Work instruction: Beginning with the line that contains "VA 22602, USA", reproduce the remaining lines of the material exactly, up to and including the last one, but no pictures.

Data section:
::::

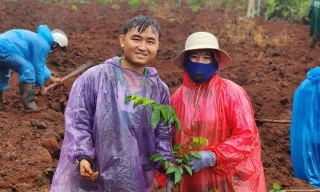 Trung úy Thành trồng cây với mọi người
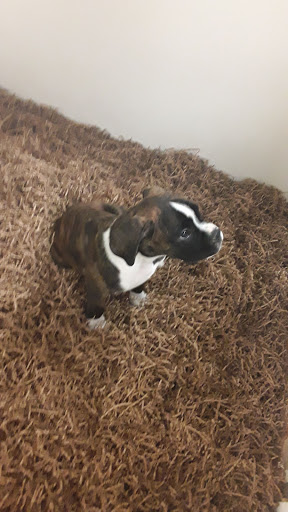 Pet Store «Puppy City», reviews and photos, 3343 Valley Pike, Winchester, VA 22602, USA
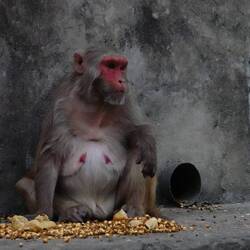 Monkey at Monkey Temple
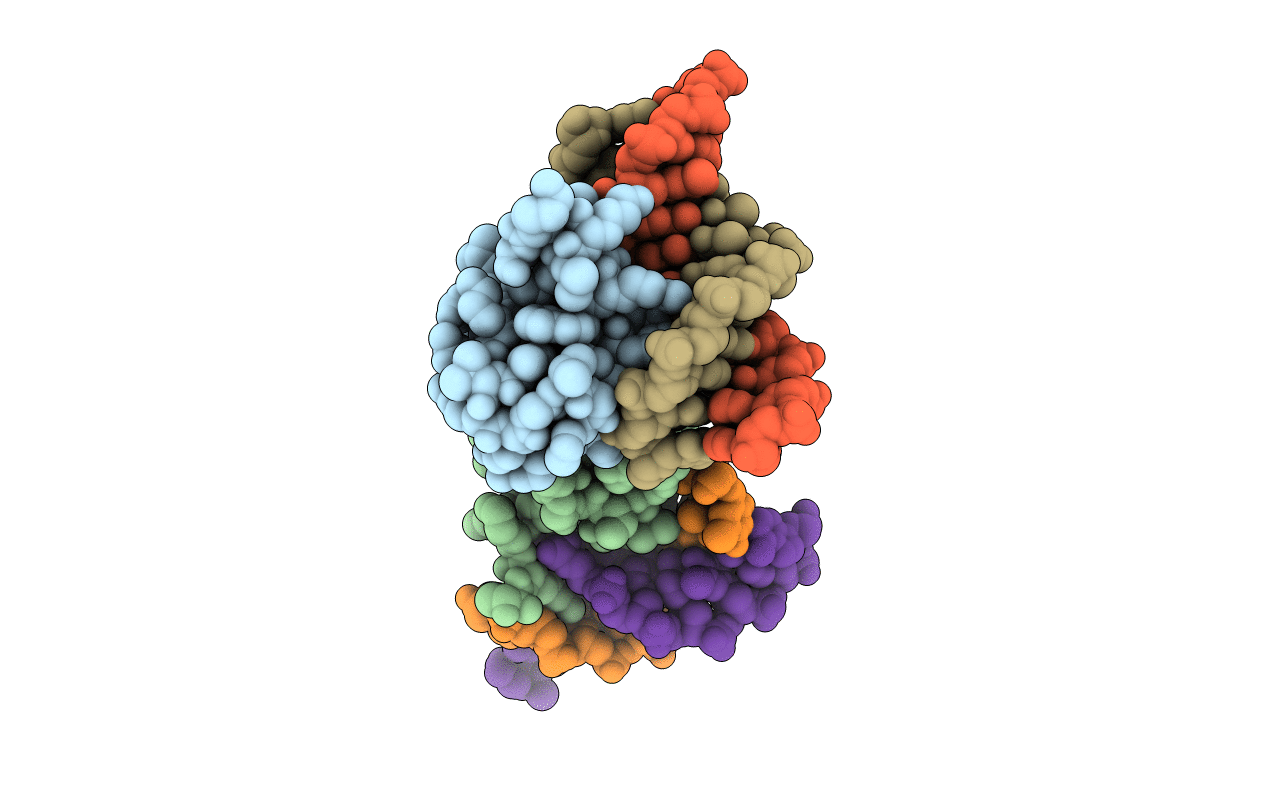 7C4P image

::::

Answer box:
 Pet Store «Puppy City», reviews and photos, 3343 Valley Pike, Winchester, VA 22602, USA
 Monkey at Monkey Temple
 7C4P image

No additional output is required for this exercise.